You probably remember this scene from The Wizard of Oz: When Dorothy’s house is caught in a tornado, she travels into a different world. When she opens the door, she travels from a faded sepia into a technicolour world. But not the first. There are a few misconceptions surrounding Dorothy and her journey that helps to understand the history of technicolour. The Wizard of Oz is often considered the first technicolour film. “A visit to the Seaside” is the first film filmed in “kinemcolor” and there were also hand painted films even predeceasing this one. But also, the technicolour history goes further back than The Wizard of Oz.
Herbert Kalmus, Daniel Frost Comstock, and W. Burton Wescott founded a company in 1914 experimenting with merging multiple filmstrips. Those films of merged red and green date back to the 1920s and early 1930s. However, this process had its limitations. Skin tones worked well with this technique, but everything blue was lost. 1932 blue was added in form of a third filmstrip. The process was shown in Disney’s “Flowers and Trees”
But how does technicolour exactly work? The answer to this is also the answer to the question of why technicolour was eventually discontinued; it is extremely difficult. Normally, a technicolour camera would take that picture and shoot it through a prism that divided the light into the picture’s red, blue, and green negatives. Then, these negative “matrices” were transformed into positive ones. They finally became stained with dyes of the contrasting hues. As a result, the red matrix changed to cyan, the green matrix to magenta, and the blue matrix to yellow. The final, stunning technicolour image was produced via the “dye transfer method,” which involved transferring the dye. They had to increase the contrast in the early days of technicolour as well. Under the matrices, the business would put a black-and-white layer that would act as “the key.” In early examples like 1934’s La Cucaracha, The Trail of the Lonesome Pine, and Robin Hood—all of which were released before The Wizard of Oz.

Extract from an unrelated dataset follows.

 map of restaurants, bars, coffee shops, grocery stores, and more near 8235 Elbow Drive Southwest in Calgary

Technicolour cameras were also bigger than ordinary motion picture cameras because they had to run three strips of film through them at the same time. Not only did the three strips need extra room, but also a lot of light. To get enough light to these three strips of film, that set had to be blazingly overlit. There were reportedly instances when the set reached 100 degrees Fahrenheit. Through the 1950s, less expensive methods using a single strip, such Eastman colour, eventually supplanted technicolour. One of the last significant films to employ the technicolour we are familiar with was The Godfather, Part II.

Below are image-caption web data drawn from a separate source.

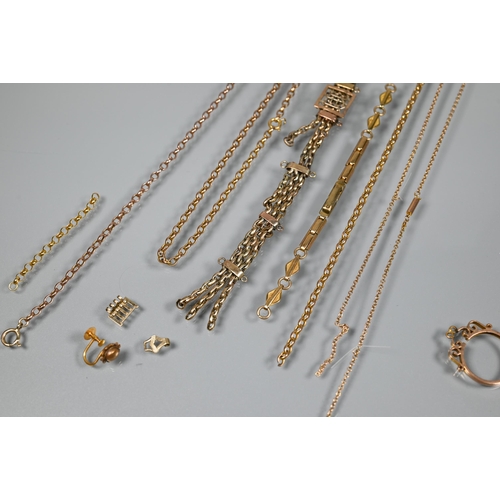 214 - A collection of 9ct old gold jewellery items including bracelets, chains etc all a/f, approx 37g all... 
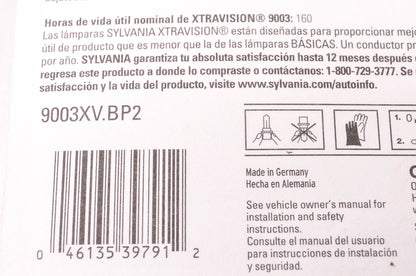 Sylvania 9003XV.BP2 Sylvania XtraVision Headlights Qty 2 NOS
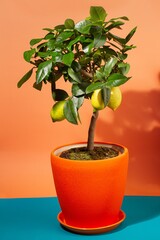 dwarf flowerpot houseplant lemon in big terracotta pot, decorative tree with yellow fruit, studio photoshoot on orange colorful free space background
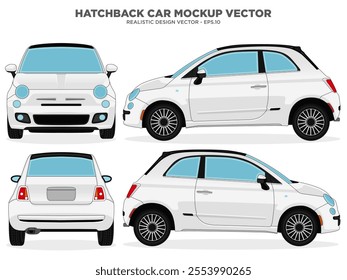 Hatchback Car Vector - Mini Realistic Car mockup for car branding on White background. With Side, Front, Rear Views.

Kodak introduced Eastman color in 1951, which quickly surpassed Technicolor due to its ease of use and lower cost. However, Eastman color had poor color retention, so most films were still printed using Technicolor’s superior process. This remained the case for several decades until the live-action film “Super Mario Bros” became the first feature to use digital intermediates. Despite initial skepticism, digital processing has become the norm for most major motion pictures, with HDR being biggest leap in display and projection technology in recent years and has recently been adopted by AMC to outfit theaters with Dolby vision laser projectors. While Dolby vision is still relatively new and limited to a few films at any given theater, this is expected to change in the near future.